Have you heard of Fiverr yet? Fiverr is a service that launched back in February of 2010 as a tool for people to sell simple goods and services for five bucks. Maybe that’s planting a tree in your honor in the rain forest, or sending a letter to a random soldier, or belching your name on video. Pretty much anything goes. It’s not a terrible idea, strictly speaking, and is a nice way for people to make a little extra money doing something they’re good at.
So, what does this have to do with higher ed, and why should you care? Well, simply, this.
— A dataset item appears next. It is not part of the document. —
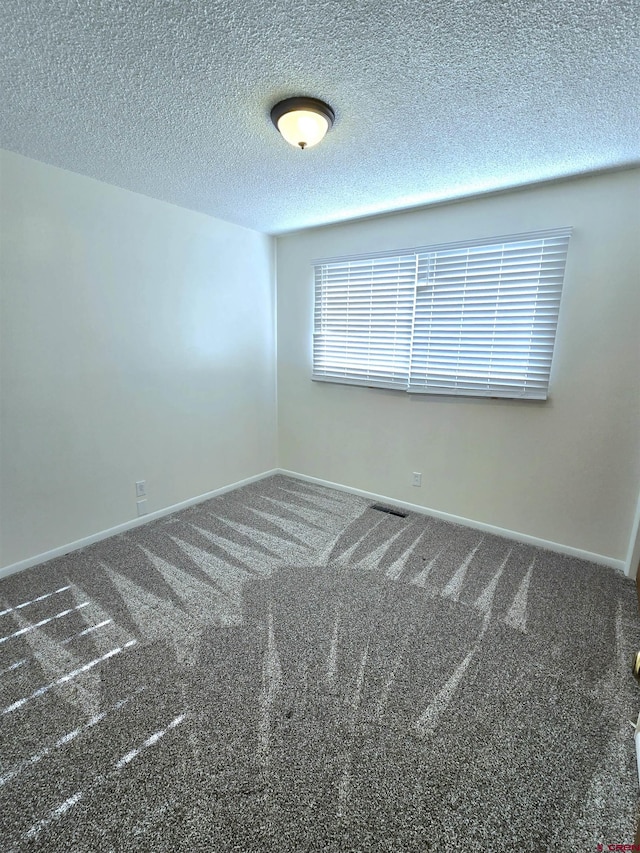 carpeted spare room featuring a textured ceiling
It’s no secret that there are plenty of black hat SEO techniques for link farming. This is also far from the first time someone tried to leverage the .edu TLD for link relevancy (Note: it seems pi.edu has finally gone away, without much fanfare. No one misses it.). On top of it, odds are you can’t make Fiverr stop these listings. Because screw you that’s why. At least, I suspect that’d be the subtext of the answer you’d get from them.
How Does It Work?
Simple, spider services have created lists of things like blogs and wikis that have unmoderated change or comment systems. The people offering these services buy or pirate those lists. In some cases, they have tools that automatically submit to sites on the list. Then you watch the spam start coming in. Anyone that runs a WordPress site understands how much trouble spam can be. If you’ve ever wondered where it comes from and why, this is a pretty good start. In the end, the provider or their software tries to pass as a legitimate commenter and includes a link in the post text or author site (if you include the author’s link on their name) which then shows up, they get paid, and you get polluted.
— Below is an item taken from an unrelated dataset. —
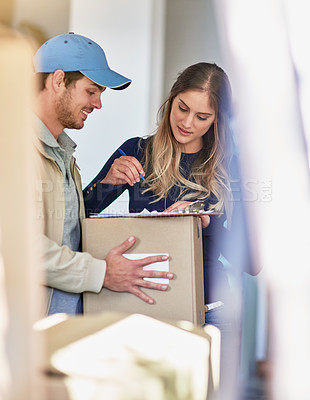 Buy stock photo Shot of a delivery man making a delivery to a happy customer at her home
This is a much less offensive and less dangerous version of account hijacking that we’ve seen in the past, where faculty, staff, or student web space hosted by the university is taken over and used as a landing page host or to drive backlinks and keywords.
What Can You Do?
Shut. Down. Everything. Okay, not really. But seriously, do review your moderation and approval processes for your blogs and wikis. Anything someone can contribute to should be reviewed to make sure you haven’t created a target. Keep some of these in mind (adapt to your environment):
- Don’t ignore your sites and security settings.
- Try simple steps like requiring at least a first post to be approved before users are whitelisted.
- Look at third party commenting services like Disqus or Intense Debate which have tools for addressing this that are better than yours.
- Many CMS’s have plugins that can provide more robust comment protection. For instanceAkismet is common for WordPress. I’ve had success with Spam Free WordPress.
- Add moderation or extra steps to comments containing links.
- Make sure links in comments are set to come through with rel=”nofollow” enabled.
- Limit faculty and student abilities when it comes to setting up and configuring sites, blogs, wikis, etc.
- Allow visitors to vote down or mark comments as spam.
- Turn off commenting after a certain length of time or when a blog is discontinued but still available.
- Set up a routine to audit your sites for this kind of spam ever X months.
None of these suggestions will likely work on their own. Some may or may not work at all in some cases. There’s no real silver bullet to the problem, as long as humans are willing to do the work manually for companies for $5.00. But, you can at least try to minimize your risk of exposure by making the effort for the spammers cost more than the time it’s worth. When they get through anyway, if you’re monitoring properly you should be able to delete the comment and blacklist the user or IP quickly enough that it becomes apparent you aren’t a high value target. The bottom line is to be vigilant, active, and take responsibility for the sites and services you’re offering that could be targets for these types of tools. Fiverr is far from the only way to accomplish this (see?), but what really matters is preventing the end result.